[Data items]
=== Section Start ===

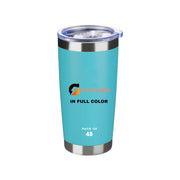 Personalized Custom Print in USA Tumbler 20oz Stainless Steel Double Wall Coffee Cup with Lid & Straw Insulated Tumbler with Colorful Text Logo Photo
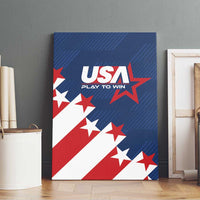 Blue USA soccer canvas wall art leaning against a wall with star-spangled design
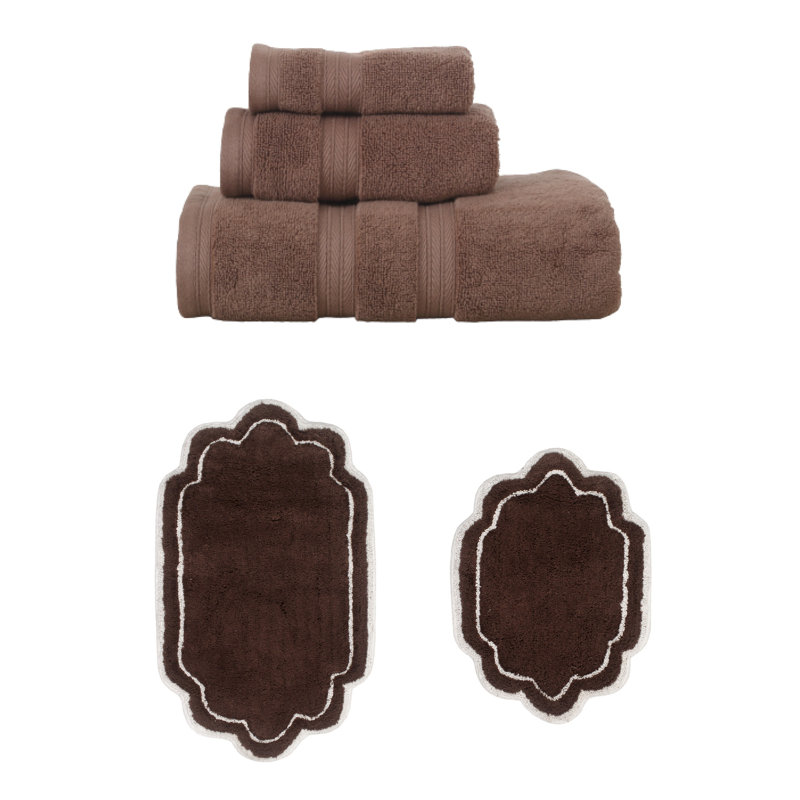 Ensemble de serviettes de bain 3 pièces et 2 tapis de bain 2 pièces Talbert Collection (lot de 5), Chocolat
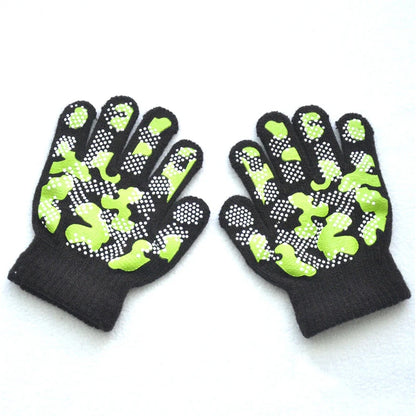 New Camouflage Anti Slip 3-6Y Children Winter Knitted Warm Gloves For Boys Girls Student Mittens Outdoor Cycling Skiing Gloves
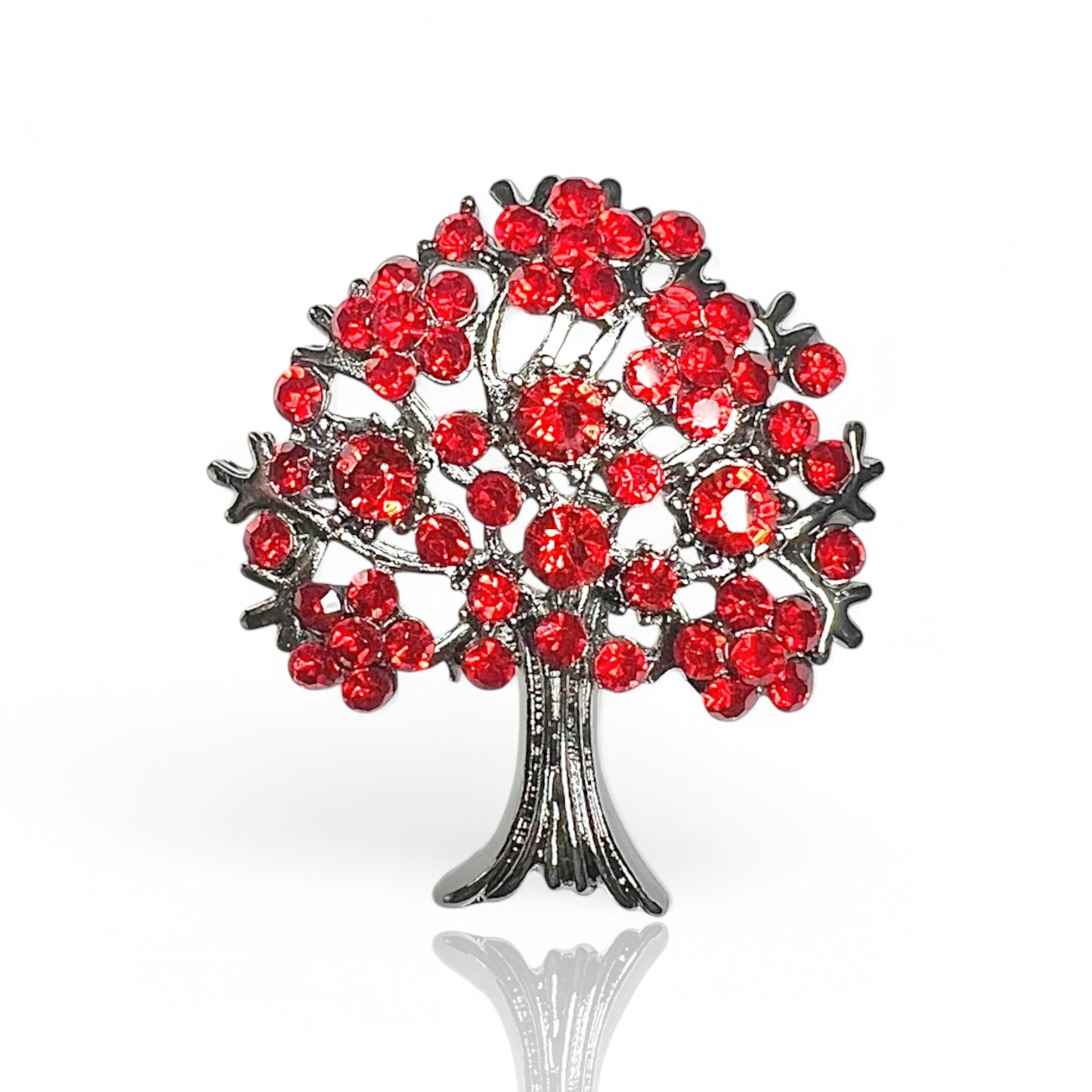 Broche arbre rouge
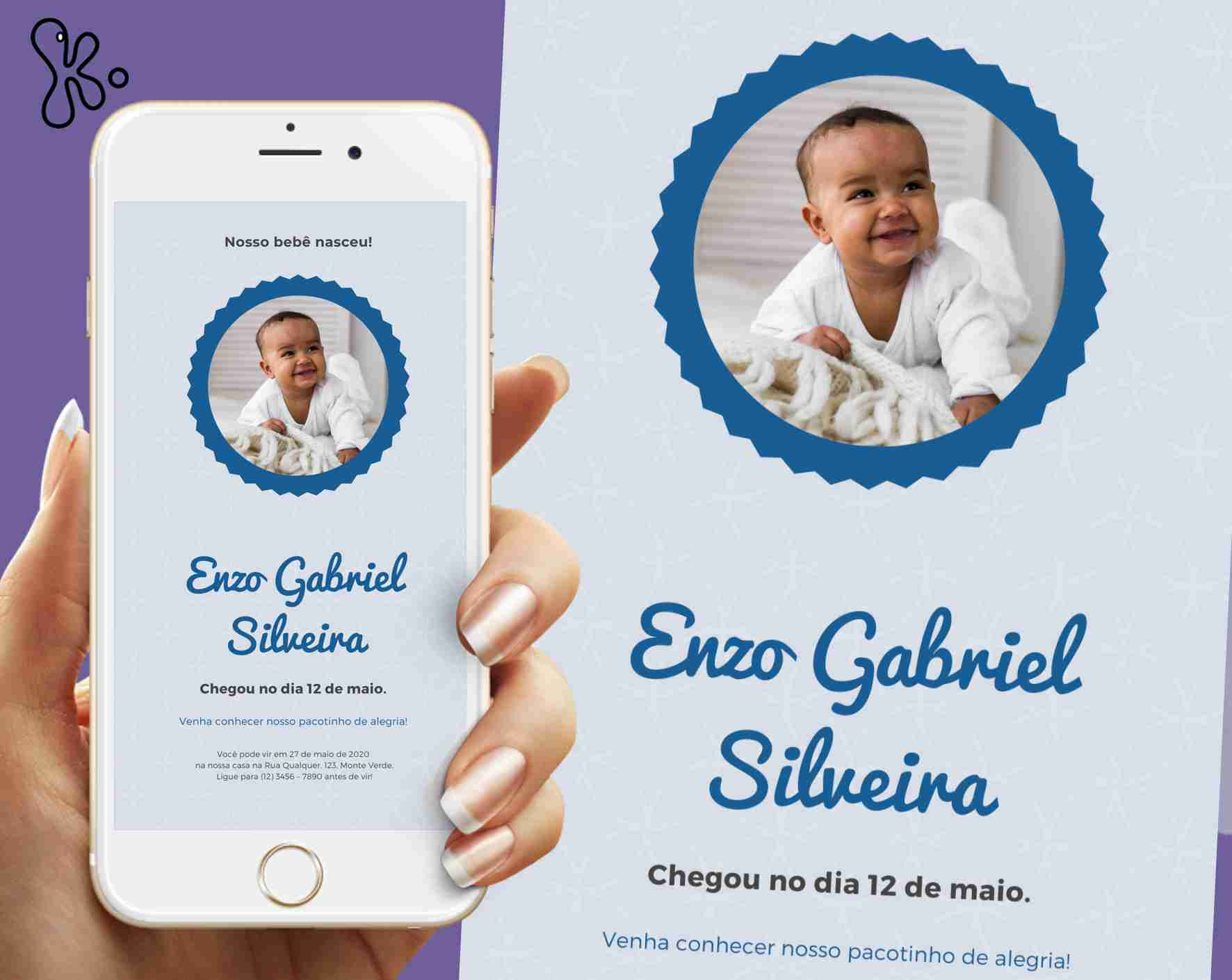 Anúncio Digital de Nascimento Azul – Personalizado e Pronto a Enviar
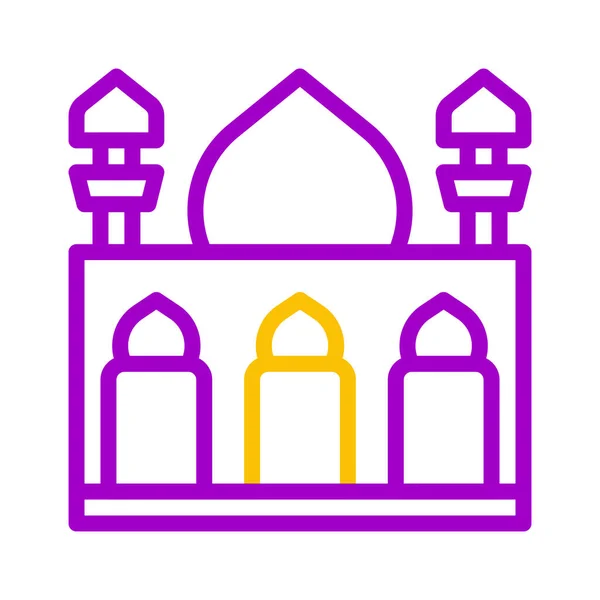 Moschee Symbol Duocolor Lila Gelb Stil Ramadan Illustration Vektorelement Und — Stockvektor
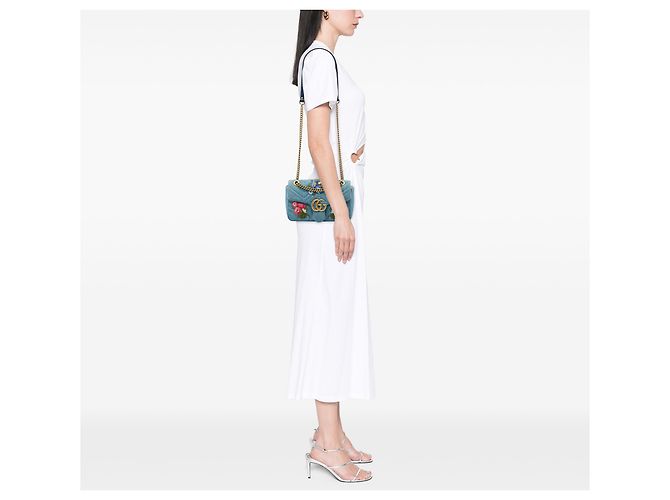 Borsa a tracolla Gucci Blue Medium GG Marmont Matelassé in denim con ricami floreali - vista 5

=== Section End ===

> ABOUT THIS EXERCISE: Where the line containing "Moschee Symbol Duocolor" appears in the entries above, start there and set down every line exactly through the last one, inclusive; omit pictures.

> EXERCISE RESULT:
 Moschee Symbol Duocolor Lila Gelb Stil Ramadan Illustration Vektorelement Und — Stockvektor
 Borsa a tracolla Gucci Blue Medium GG Marmont Matelassé in denim con ricami floreali - vista 5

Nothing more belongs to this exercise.